This story was just on the CBC’s The Current this morning, talking about sharing houses in a hippie-communal sort of way as a way of getting the lifestyle vibe quivering at perfect pitch and of surviving in Crazyville. Councillor Geoff Meggs is quoted briefly as having no problems with the concept; the run-down shared houses of, say, my neighbourhood of Grandview are similar, as were the communes of my youth c. 1970, sigh, … an earlier period of extreme housing shortages and rapidly increasing rents.













In San Fransicso, where housing prices make Vancouver look cheap (especially rental prices), communal living is quite popular.

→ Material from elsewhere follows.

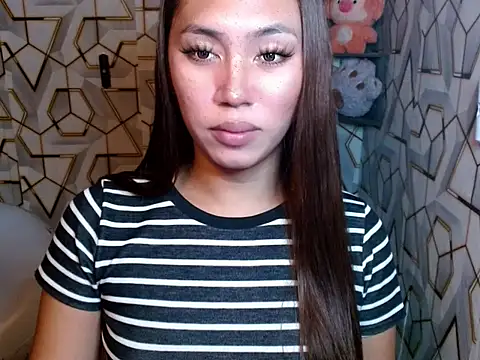 sugar hailey online show from 11/13/25, 04:17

I know several bay area tech workers and even tech company executives who live in 60s-style communes for tech workers.
Interesting places. Old run down buildings in DTES-like areas with the walls completely covered in psychedelic art. So far probably not too different from SF communies in the 60s and 70s. Being SF in the 2010s there are people in every corner silently tapping away at MacBook Pros and scribbling math on whiteboards in the living room.
I have a friend from San Francisco who’s emigrating to Canada and when he was checking out Vancouver prices he kept mentioning how cheap things were here; rents, parking, food, etc.
Heh…I have a friend from San Francisco who thought about moving here until he found out how much Canadian tech companies pay.
The serious point being affordability is also a function of income. And wages in many sectors around these parts are low/stagnating.
+1 … vancouver may be cheap if your money comes from elsewhere, but considering its median income is low even by Canadian standards, it ain’t affordable from the inside.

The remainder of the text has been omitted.